Outcomes of technical cooperation include improved performance for the Jerusalem Water Undertaking, the utility serving Ramallah, as a result of capacity building and training. Employees of the municipality Al-Bireh were trained in operating the town's wastewater treatment plant. Wells have been drilled or rehabilitated in the Nablus and Ramallah area, supplying 120,000 people with drinking water.
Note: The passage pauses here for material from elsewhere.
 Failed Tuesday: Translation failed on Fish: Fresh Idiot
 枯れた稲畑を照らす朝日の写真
GTZ also supported the creation of the National Water Council in 2006. Furthermore, at least 6,000 schoolchildren have been taught water conservation measures.
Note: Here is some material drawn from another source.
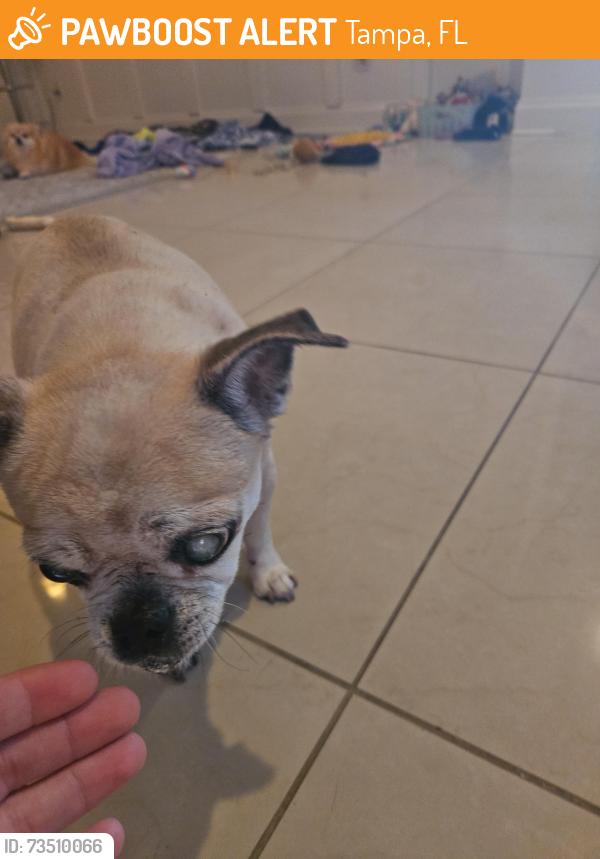 Found/Stray Unknown Dog last seen Bay and elberon, Tampa, FL 33611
The Swedish International Development Agency (SIDA) has participated in the development of feasibility and design studies for the north regional wastewater treatment plant and associated sewerage collection systems in Gaza.
United States Agency for International Development (USAID)
USAID is a leading development agency within the sector in the Palestinian territories. Their work includes the repair and rehabilitation of small scale water and sanitation facilities, rehabilitation of water and sewage networks as well as replacement of water pumps. In addition, USAID helps communities without access to piped water through water supply via tankers. In rural areas, the agency provides water collection cisterns to poor families. USAID helps to connect households to water and to install rainwater drainage pipes.
On the official web page, USAID announces to provide more than 60 km of water pipes in oder to supply ten additional villages in the southern Nablus area with potable water. By 2009, USAID has improved water supply for more than 19,500 households while about 30,000 households gained improved sanitation and connections to sewage networks.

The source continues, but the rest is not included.